*** Block opens ***

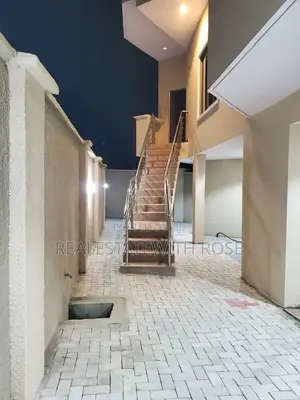 4bdrm Duplex in Mini Estate, Guzape District for sale
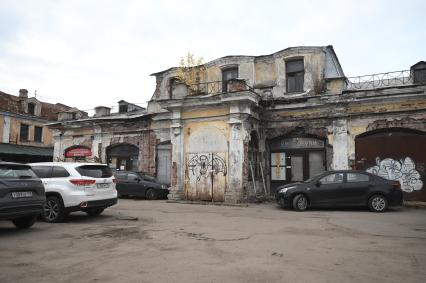 Рынок Апраксин двор в Санкт-Петербурге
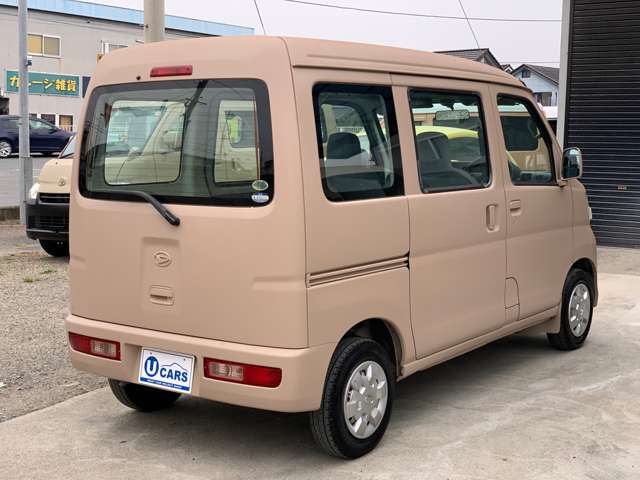 Daihatsu Hijet Cargo 12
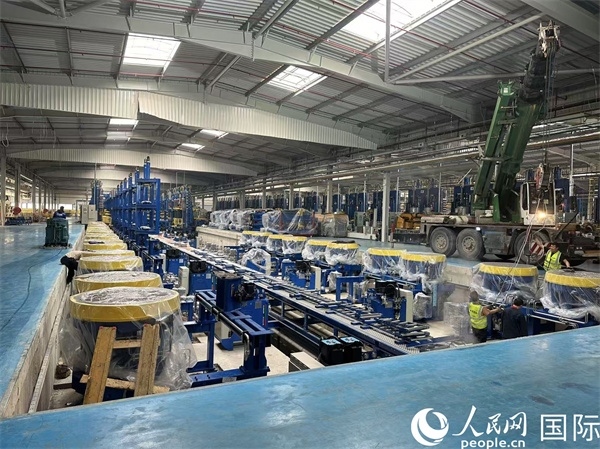 森麒麟輪胎在科技城的工廠車間。人民網(wǎng)記者 黃培昭攝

*** Block closes ***

▸ What you need to do
Which lines run from the one containing "Daihatsu Hijet Cargo 12" to the end of the data above? Set down those lines exactly, and only those, without any pictures.

▸ Solution
 Daihatsu Hijet Cargo 12
 森麒麟輪胎在科技城的工廠車間。人民網(wǎng)記者 黃培昭攝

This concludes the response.